The local population had always been well disposed to me; but this time I found them affectionate, and I was never received with more respect than now, when all the walls were placarded with the expression of degrading equality. We were all to go and vote together at the borough of Saint-Pierre, about one league away from our village. On the morning of the election, all the voters (that is to say, all the male population above the age of twenty) collected together in front of the church. All these men formed themselves in a double column, in alphabetical order. I took up my place in the situation denoted by my name, for I knew that in democratic times and countries one must be nominated to the head of the people, and not place one's self there. At the end of the long procession, in carts or on pack-horses, came the sick or infirm who wished to follow us; we left none behind save the women and children. We were one hundred and sixty-six all told. At the top of the hill which commands Tocqueville there came a halt; they wished me to speak. I climbed to the other side of a ditch; a circle was formed round me, and I spoke a few words such as the circumstances inspired. I reminded these worthy people of the gravity and importance of what they were about to do; I recommended them not to allow themselves to be accosted or turned aside by those who, on our arrival at the borough, might seek to deceive them, but to march on solidly and stay together, each in his place, until they had voted. "Let no one," I said, "go into a house to seek food or shelter [it was raining] before he has done his duty." They cried that they would do as I wished, and they did. All the votes were given at the same time, and I have reason to believe that they were almost all given to the same candidate.

After voting myself, I took my leave of them, and set out to return to Paris.


CHAPTER V

THE FIRST SITTING OF THE CONSTITUENT ASSEMBLY—THE APPEARANCE OF THIS ASSEMBLY.
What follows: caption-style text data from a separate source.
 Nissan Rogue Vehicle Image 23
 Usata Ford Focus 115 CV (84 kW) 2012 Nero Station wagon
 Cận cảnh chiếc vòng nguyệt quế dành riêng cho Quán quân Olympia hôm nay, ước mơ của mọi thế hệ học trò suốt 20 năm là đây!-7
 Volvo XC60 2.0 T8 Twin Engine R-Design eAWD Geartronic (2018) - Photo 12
I stopped at Valognes only long enough to bid good-bye to some of my friends. Many left me with tears in their eyes, for there was a belief current in the country that the representatives would be exposed to great danger in Paris. Several of these worthy people said to me, "If they attack the National Assembly, we will come and defend you." I feel a certain remorse at having seen only vain words in this promise at the time; for, as a matter of fact, they did all come, they and many more, as I shall show later.

It was only when I reached Paris that I learnt that I had received 110,704 votes out of a possible 120,000. Most of my new colleagues belonged to the old dynastic Opposition: two only had professed republican principles before the Revolution, and were what was called in the jargon of the day "Republicans of yesterday." The same was the case in most parts of France.
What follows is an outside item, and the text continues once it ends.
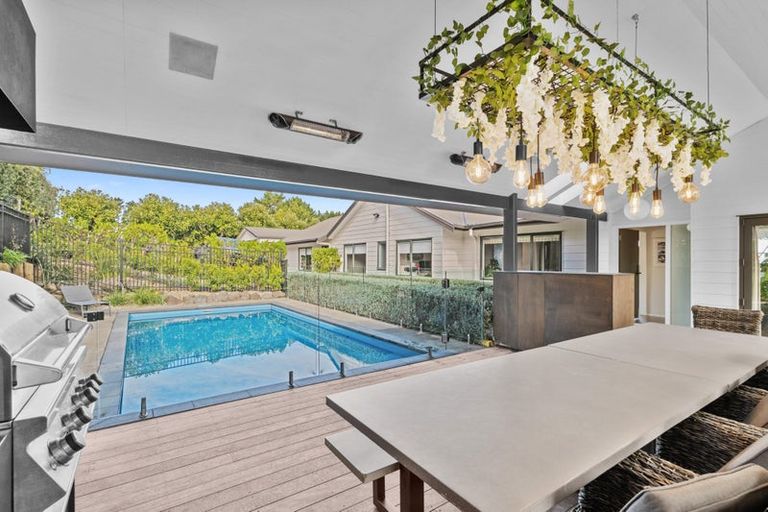 Photo of property in 86 Whites Road, Whitford, Howick, 2571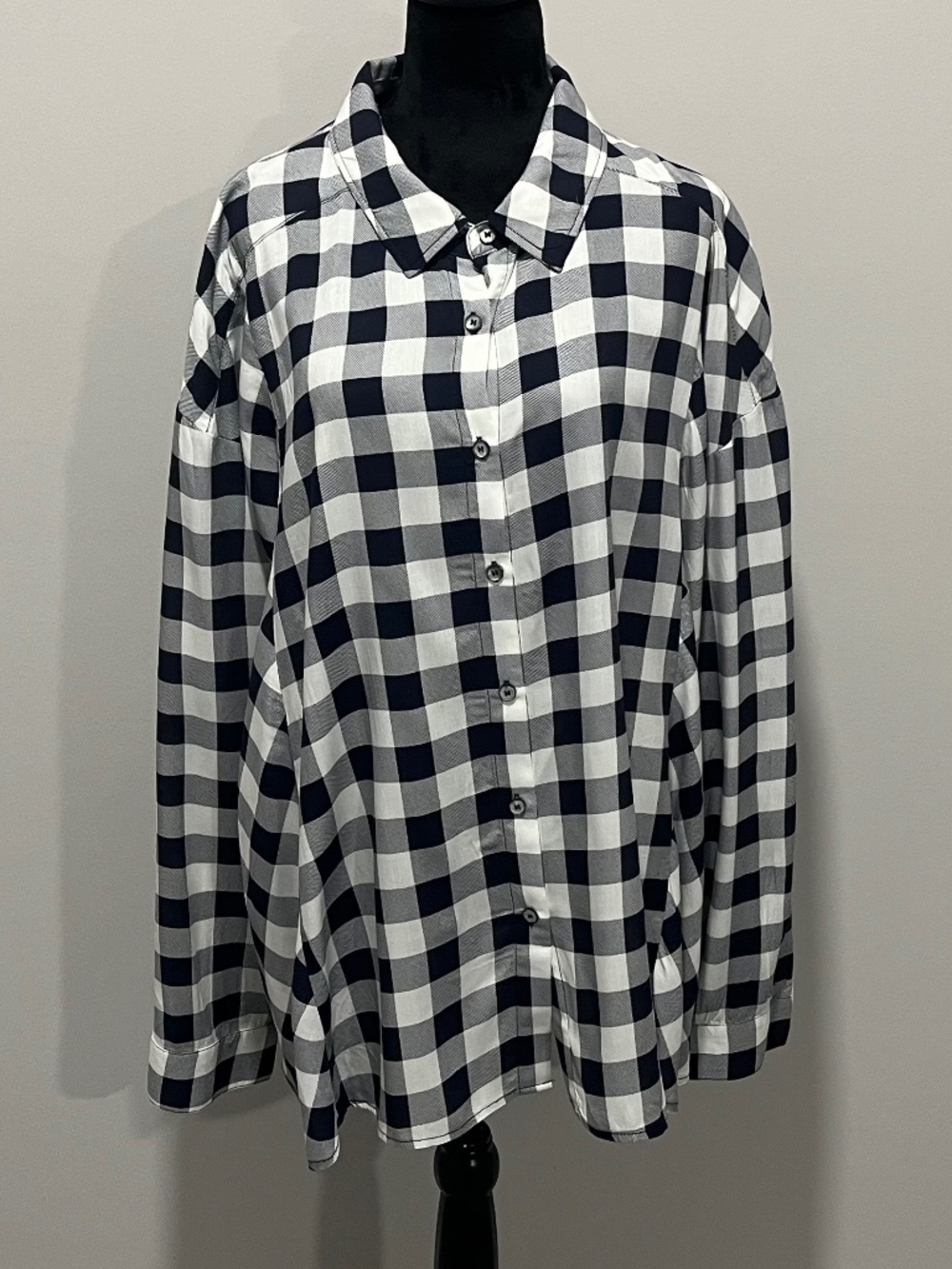 Eesome Plaid Oversized Blouse Navy/White Size 1X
There have certainly been more wicked revolutionaries than those of 1848, but I doubt if there were ever any more stupid; they neither knew how to make use of universal suffrage nor how to do without it. If they had held the elections immediately after the 24th of February, while the upper classes were still bewildered by the blow they had just received, and the people more amazed than discontented, they would perhaps have obtained an assembly after their hearts; if, on the other hand, they had boldly seized the dictatorship, they might have been able for some time to retain it. But they trusted themselves to the nation, and at the same time did all that was most likely to set the latter against them; they threatened it while placing themselves in its power; they alarmed it by the recklessness of their proposals and the violence of their language, while inviting it to resistance by the feebleness of their actions; they pretended to lay down the law to it at the very time that they were placing themselves at its disposal. Instead of opening out their ranks after the victory, they jealously closed them up, and seemed, in one word, to be striving to solve this insoluble problem, namely, how to govern through the majority and yet against its inclination.
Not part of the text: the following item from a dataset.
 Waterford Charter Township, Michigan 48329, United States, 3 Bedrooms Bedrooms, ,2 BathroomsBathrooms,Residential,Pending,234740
Following the examples of the past without understanding them, they foolishly imagined that to summon the crowd to take part in political life was sufficient to attach it to their cause; and that to popularize the Republic, it was enough to give the public rights without offering them any profits. They forgot that their predecessors, when they gave every peasant the vote, at the same time did away with tithes, abolished statute labour and the other seignorial privileges, and divided the property of the nobles among the peasants; whereas they were not in a position to do anything of the kind. In establishing universal suffrage they thought they were summoning the people to the assistance of the Revolution: they were only giving them arms against it. Nevertheless, I am far from believing that it was impossible to arouse revolutionary passions, even in the country districts. In France, every agriculturist owns some portion of the soil, and most of them are more or less involved in debt; it was not, therefore, the landlords that should have been attacked, but the creditors; not the abolition promised of the rights of property, but the abolition of debts. The demagogues of 1848 did not think of this scheme; they showed themselves much clumsier than their predecessors, but no less dishonest, for they were as violent and unjust in their desires as the others in their acts. Only, to commit violent and unjust acts, it is not enough for a government to have the will, or even the power; the habits, ideas, and passions of the time must lend themselves to the committal of them.